# [RECORDS TO USE]
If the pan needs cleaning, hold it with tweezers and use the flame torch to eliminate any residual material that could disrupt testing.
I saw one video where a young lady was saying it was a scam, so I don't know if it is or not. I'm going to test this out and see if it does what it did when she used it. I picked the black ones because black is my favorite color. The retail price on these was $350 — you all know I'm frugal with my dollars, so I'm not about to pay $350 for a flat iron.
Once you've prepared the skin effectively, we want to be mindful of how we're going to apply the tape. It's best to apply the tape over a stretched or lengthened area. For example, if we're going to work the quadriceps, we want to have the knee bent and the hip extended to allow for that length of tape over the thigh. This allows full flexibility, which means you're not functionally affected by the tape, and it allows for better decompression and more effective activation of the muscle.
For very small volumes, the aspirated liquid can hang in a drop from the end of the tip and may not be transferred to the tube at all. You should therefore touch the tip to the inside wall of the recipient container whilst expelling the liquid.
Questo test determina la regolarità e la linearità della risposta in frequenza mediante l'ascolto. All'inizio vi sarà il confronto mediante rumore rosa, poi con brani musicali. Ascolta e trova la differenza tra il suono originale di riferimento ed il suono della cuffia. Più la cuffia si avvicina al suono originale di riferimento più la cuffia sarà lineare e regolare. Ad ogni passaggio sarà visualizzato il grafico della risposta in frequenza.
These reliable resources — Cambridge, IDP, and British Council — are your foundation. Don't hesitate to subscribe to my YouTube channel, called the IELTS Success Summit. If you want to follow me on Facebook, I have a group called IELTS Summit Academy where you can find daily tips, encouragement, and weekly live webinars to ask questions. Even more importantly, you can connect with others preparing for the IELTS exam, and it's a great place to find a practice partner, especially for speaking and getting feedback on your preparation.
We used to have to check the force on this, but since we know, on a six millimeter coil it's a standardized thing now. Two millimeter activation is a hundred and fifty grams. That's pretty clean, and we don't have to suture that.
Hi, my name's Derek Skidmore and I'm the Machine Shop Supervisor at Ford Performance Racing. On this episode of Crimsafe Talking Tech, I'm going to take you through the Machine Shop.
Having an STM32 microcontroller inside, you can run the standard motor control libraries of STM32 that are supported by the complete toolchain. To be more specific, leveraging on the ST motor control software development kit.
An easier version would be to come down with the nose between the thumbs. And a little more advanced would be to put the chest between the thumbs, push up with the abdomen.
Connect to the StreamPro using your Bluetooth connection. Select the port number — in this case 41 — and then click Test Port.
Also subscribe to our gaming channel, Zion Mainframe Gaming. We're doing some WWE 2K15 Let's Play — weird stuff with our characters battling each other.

# [ASSIGNMENT]
Nothing but the lines from the first line of the listing above through the line holding "I saw one video" should be reproduced, and each must match exactly.

# [RESULT FOR THIS EXERCISE]
If the pan needs cleaning, hold it with tweezers and use the flame torch to eliminate any residual material that could disrupt testing.
I saw one video where a young lady was saying it was a scam, so I don't know if it is or not. I'm going to test this out and see if it does what it did when she used it. I picked the black ones because black is my favorite color. The retail price on these was $350 — you all know I'm frugal with my dollars, so I'm not about to pay $350 for a flat iron.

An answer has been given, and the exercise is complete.